Jama'atu Nasril Islam (JNI) (English: "Society for the Support of Islam") is an umbrella group for the Nigerian Muslim community  its headquarter is in the city of Kaduna, and its president is the Sultan of Sokoto.  The organisation conducts Islamic education and missionary work in Nigeria. The organisation was founded in 1962.

Organization
Jama'atu Nasril Islam is the umbrella under which all Islamic organizations in Nigeria rally around. Its name, which in English is "Society for the Support of Islam", signifies why the society was first conceptualized and formed; basically to work, through peaceful ways, including 'wisdom and good preaching' in projecting the good image of Islam and defending the legitimate rights and interest of Muslims throughout Nigeria.

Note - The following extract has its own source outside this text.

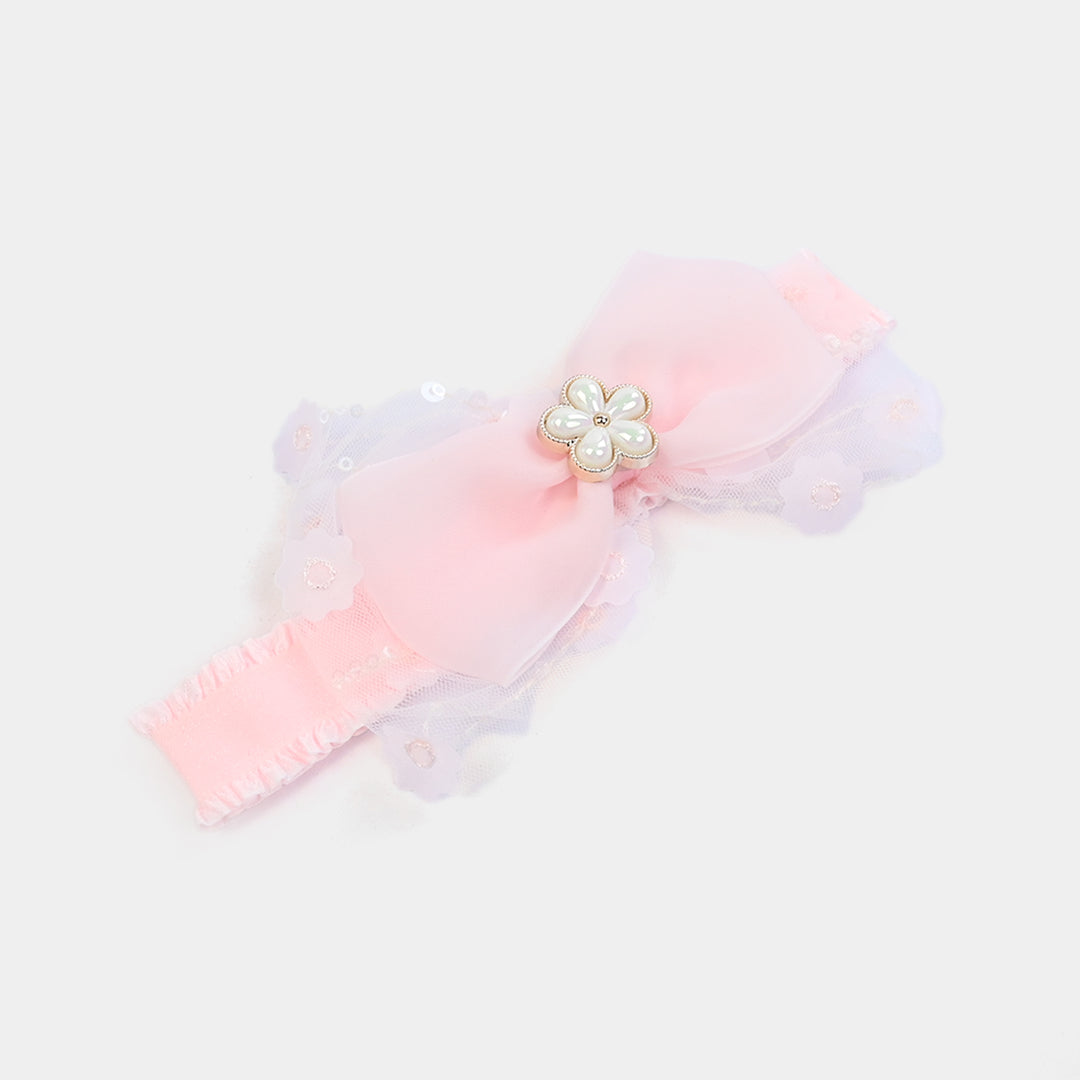 Baby Fancy Headband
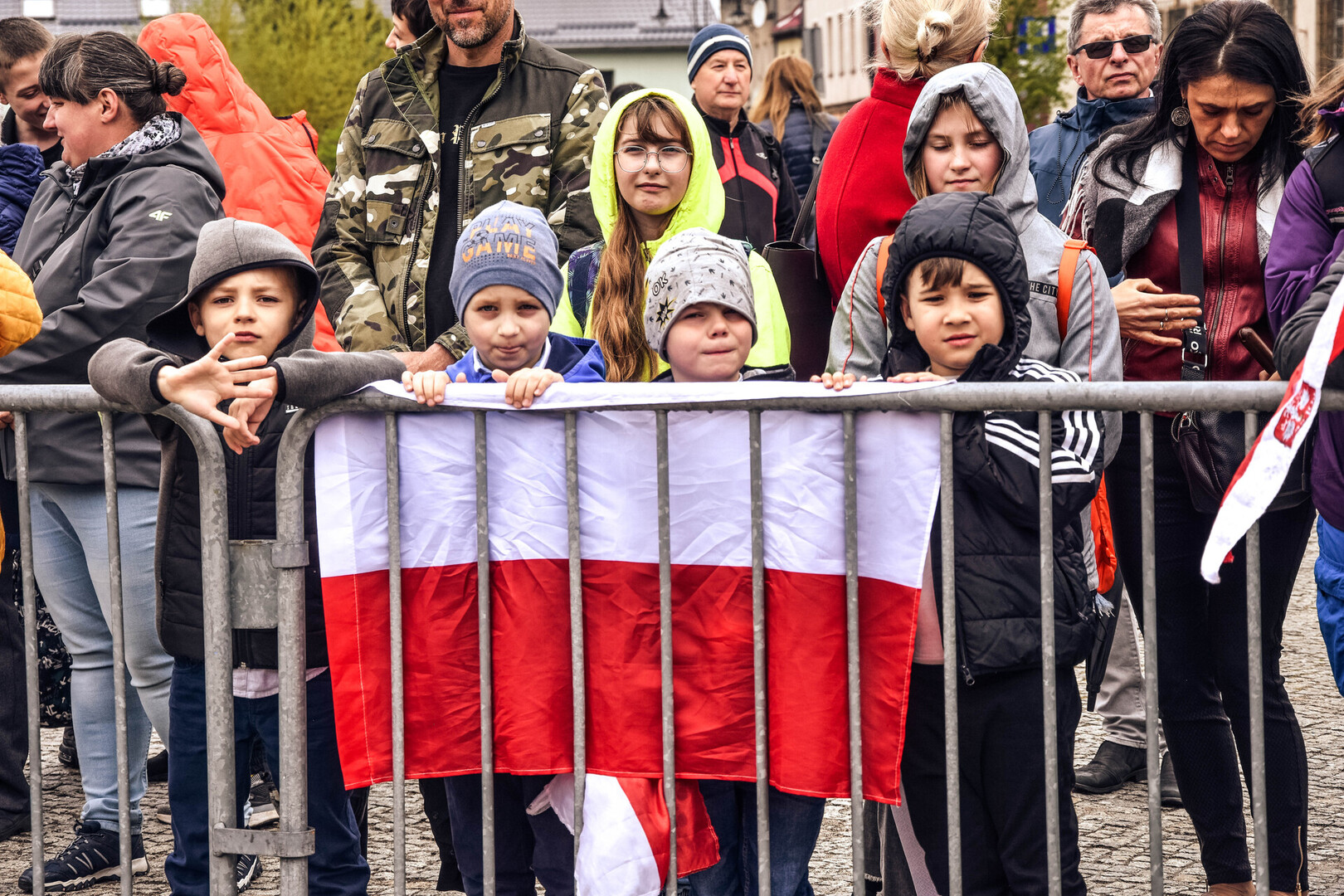 
Miejskie Obchody Dnia Flagi RP 2023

The idea for the formation of JNI came up in 1962 after the return of the then Premier of Northern Nigeria, Alhaji (Sir) Ahmadu Bello (Sardauna of Sokoto) from pilgrimage in Makkah. The Sardauna, who after making contacts with Muslims from other parts of the world, and having contemplated for some time on the need to have some organized efforts to propagate the teachings of Islam in Nigeria decided to form an organization through which that goal can be achieved. Sardauna had discussed extensively on the matter with Sheikh Abubakar Mahmud Gummi, a renowned Islamic Scholar and the then Acting Grand Khadi of Northern Nigeria.